Bye bye Bibi ? Ce n’est pas tout à fait sûr encore, même si ça en a tout l’air. Yaïr Lapid pourrait avoir réussi là où Benjamin Netanyahu a échoué. Après les dernières élections législatives, en mars dernier, les quatrièmes en moins de deux ans, le président israélien sortant, Reuven Rivlin, avait chargé Netanyahu, dont le parti Likoud (droite) avait terminé en première position, de former un gouvernement. Mais le Premier ministre n’a pas réussi à réunir le nombre minimum nécessaire de 61 députés, sur les 120 de la Knesset, le Parlement israélien.

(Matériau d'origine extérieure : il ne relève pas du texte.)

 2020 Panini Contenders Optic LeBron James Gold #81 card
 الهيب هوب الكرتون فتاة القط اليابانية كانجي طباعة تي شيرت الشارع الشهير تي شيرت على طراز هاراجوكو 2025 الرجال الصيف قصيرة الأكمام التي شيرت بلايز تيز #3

Le centriste Yaïr Lapid, son challenger, a vu arriver en deuxième place son parti en nombre de sièges. De facto, chef de l’opposition israélienne, il avait reçu à son tour début mai le mandat de la part du président d’Israël pour tenter sa chance. Le délai courait jusqu’à hier minuit. C’est in extremis qu’il a pu annoncer au chef de l’Etat qu’il avait réuni les appuis nécessaires à cette fin. Ce qui pourrait mettre un terme à plus de deux ans de crise politique en Israël.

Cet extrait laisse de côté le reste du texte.